The heat flow Q through an insulation can be calculated according to the following relationship calculate: Q At.'d ti = -Atp. s1, 2 ZIP When comparing the temperature differences d tv corresponding thermoelectric voltage Up with an auxiliary reference voltage Uo using the same compensation method one gets for the value of the Heat flow Q: #p #tp #p Up Uo Q = = Sp l Sp l Uo Ap Up 7o Ap Rp * = =, Sp Uo Sp R where R is again the value of the potentiometer resistance and Rp * is again the The value of the resistance divided by the tap from the potentiometer is for the Case that the current flowing through the zero current indicator 19 is equal to zero.
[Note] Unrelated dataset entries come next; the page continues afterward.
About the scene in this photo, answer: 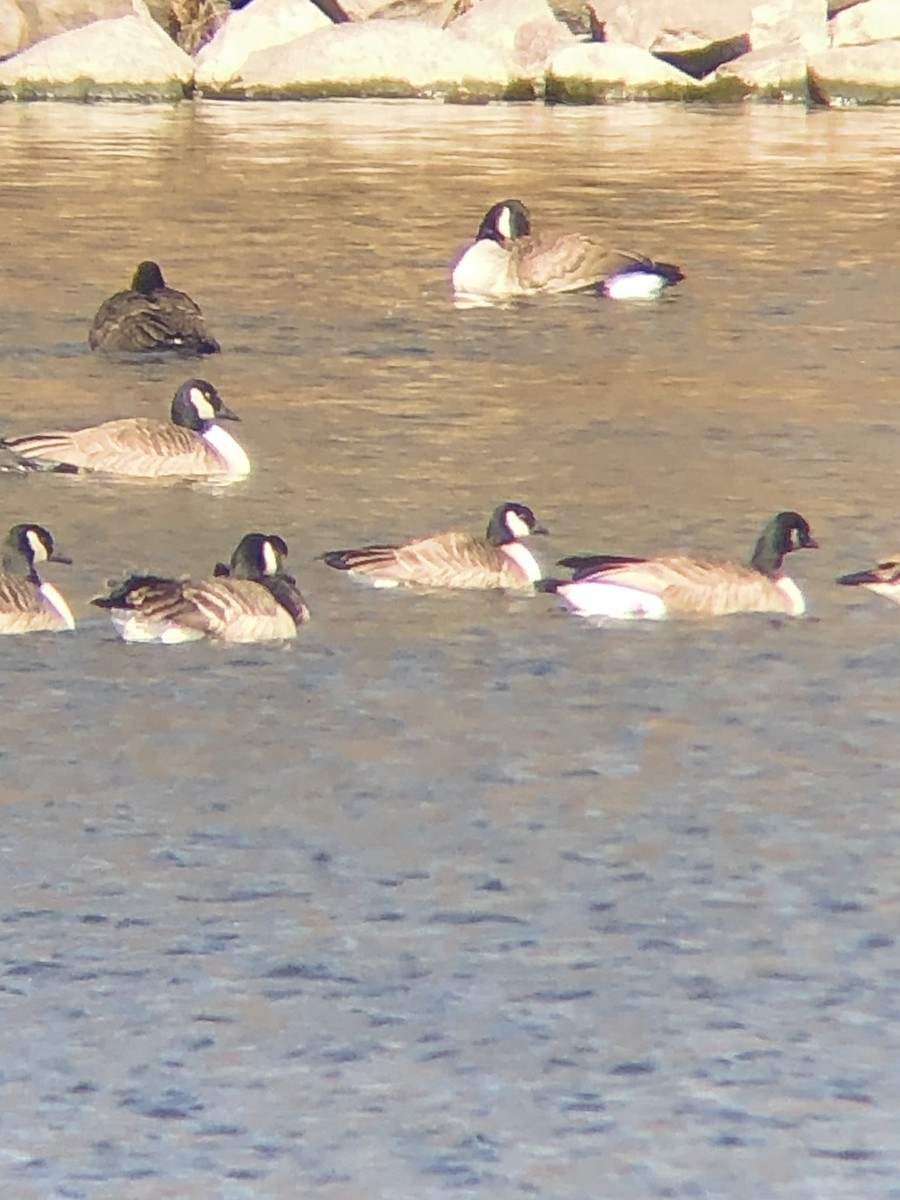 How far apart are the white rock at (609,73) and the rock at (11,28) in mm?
6832

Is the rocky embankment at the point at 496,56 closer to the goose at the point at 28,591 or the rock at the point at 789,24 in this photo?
the rock at the point at 789,24

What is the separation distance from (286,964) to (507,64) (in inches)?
1229

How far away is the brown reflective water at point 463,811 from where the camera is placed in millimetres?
6648

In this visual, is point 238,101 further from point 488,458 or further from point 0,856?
point 0,856

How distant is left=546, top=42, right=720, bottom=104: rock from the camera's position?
3741cm

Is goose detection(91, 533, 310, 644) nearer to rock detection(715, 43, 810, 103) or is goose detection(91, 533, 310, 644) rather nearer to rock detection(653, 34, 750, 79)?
rock detection(715, 43, 810, 103)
So so the heat flow Q is directly proportional to the value of the Resistance Rp *, where the proportionality constant the same equipment constant K of the measuring device as in the case of measuring thermal conductivity, Q = K # Pp *.

It is therefore possible to use the same on a further calibrated scale Potentiometer 14 to read directly the heat flow Q through the measured insulation.

Claims (1)

Claim: heat flow meter with a potentiometer on which outer terminals two in series, the temperature at the boundary surfaces Thermocouples measuring an insulation layer to be measured are connected, while at the tap of the potentiometer a series connection of a zero current indicator and a battery from near the surface of the insulation layer to be measured arranged thermocouples is connected, in which the one group of soldering points at a different distance from the surface to be measured than the other Group of soldering points is located, which indicates that the battery is from Thermocouples in a one-sided open and with this opening on the measuring insulation layer to be set hollow box housed self-supporting in this way is that both groups of solder points on the insulation layer to be measured surrounding air.